Telefonkonferenz im Kofferaum

Telefonkonferenz im Kofferraum

 

Es geschah an einem Donnerstag, am Nachmittag, in der östlichen Türkei. Rokala (mein Wagen) verfügt über eine Reihe von Bordinstrumenten die einem zeigen, wie es um den Funktionszustand überlebenswichtiger Teile bestellt ist, sofern man denn draufschaut. Mit letzterem ist das so eine Sache, freue mich eher an den vielen Instrumenten die da blinken denn an dem, was sie zeigen. Und so war denn die Kabinenbatterie fast völlig entladen bis ich es merkte und als ich es merkte, merkte ich primär, dass ich es vorher hätte merken müssen da ich jetzt, ein wenig zu spät, alle die schönen Stromverbraucher, den Kühlschrank mit dem kalten Bier, den Boiler mit dem warmen Wasser und das Licht zum Lesen ausschalten durfte; ich verspreche es, ich werde es mir merken.

Guter Rat ist teuer, insbesondere wenn man von der Medizin wenig und von der Technik gar nichts versteht und in dem tiefen Glauben lebt, es werde schon alles gut gehen. Glauben versetzt Berge aber so sehr ich auch glaubte, die Batterie blieb leer.

Die Stimme am Telefon, die aus Deutschland kam und Michael Bocklet gehörte, war klar und deutlich zu verstehen, weniger deutlich war eher das, was er mir beizubringen versuchte.

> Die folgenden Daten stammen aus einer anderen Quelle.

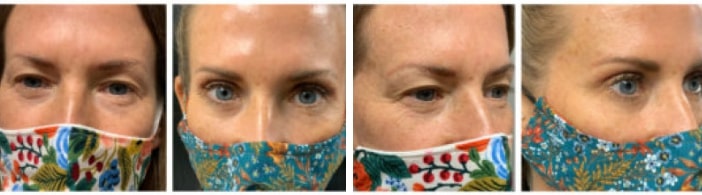 Blepharoplasty Dallas-Fort Worth TX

Es sei nur das Trennrelais das, wenn es funktioniert, dafür sorgt, dass mein Kühlschrank sich nicht an der Starterbatterie des Wagens vergreift; dieses Relais müsse nun kurzgeschlossen werden, dann könne sich mein Kühlschrank zwar an der Starterbatterie vergreifen aber es werde wieder Licht.

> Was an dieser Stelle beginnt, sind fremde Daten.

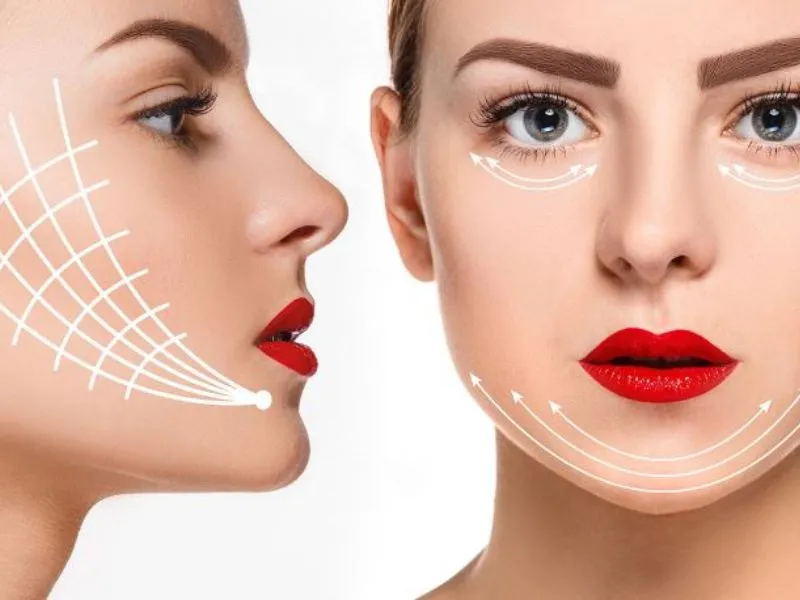 5 nhược điểm của công nghệ làm đẹp tái sinh đa tầng 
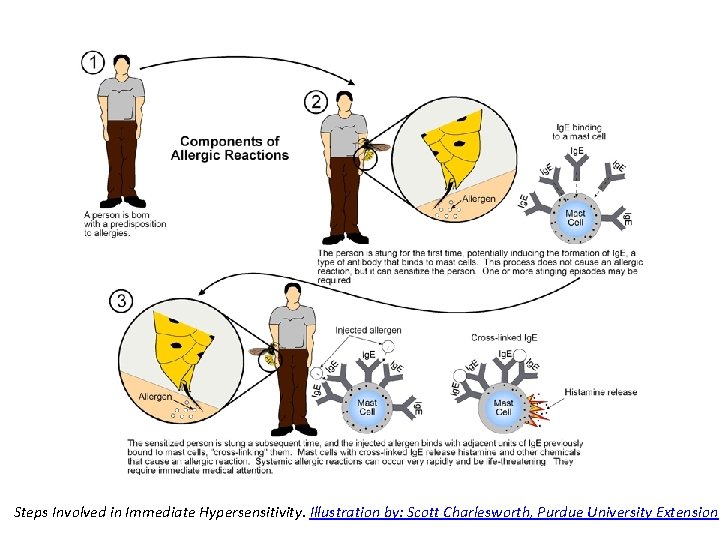 Steps Involved in Immediate Hypersensitivity. Illustration by: Scott Charlesworth, Purdue University Extension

Entfernen Sie doch einmal einen Blinddarm auf dem Küchentisch; klar geht das, hat man zu Urzeiten der Medizin auch so gemacht, aber ein Trennrelais, von dem man noch nicht einmal weiß wo es sitzt, geschweige denn wie man daran einen Kurzschluss produziert, das schien doch eine größere Herausforderung.

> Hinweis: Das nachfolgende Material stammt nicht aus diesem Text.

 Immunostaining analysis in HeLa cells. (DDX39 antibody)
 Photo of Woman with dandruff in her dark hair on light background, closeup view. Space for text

Die Geduld von Michael Bocklet ist endlos und um das Ganze bildlich zu sehen, ist etwas Phantasie von Nöten. Der Kofferraum misst ca. 1 x 1 x 1 Meter, da passe ich hinein, wie ich inzwischen weiß, etwas gekauert und verkrümmt, das Telefon in der Linken, den Schraubenschlüssel in der Rechten. Habe schon viele Telefonkonferenzen miterlebt, aber diese im Kofferraum war wirklich das Salz in der Suppe dieses Tages. Mein linkes Bein ist eingeschlafen, der Rundrücken noch etwas runder aber es grenzt an ein Wunder, es hat funktioniert: die Weiterreise ist gesichert, mein Bier wird wieder kalt.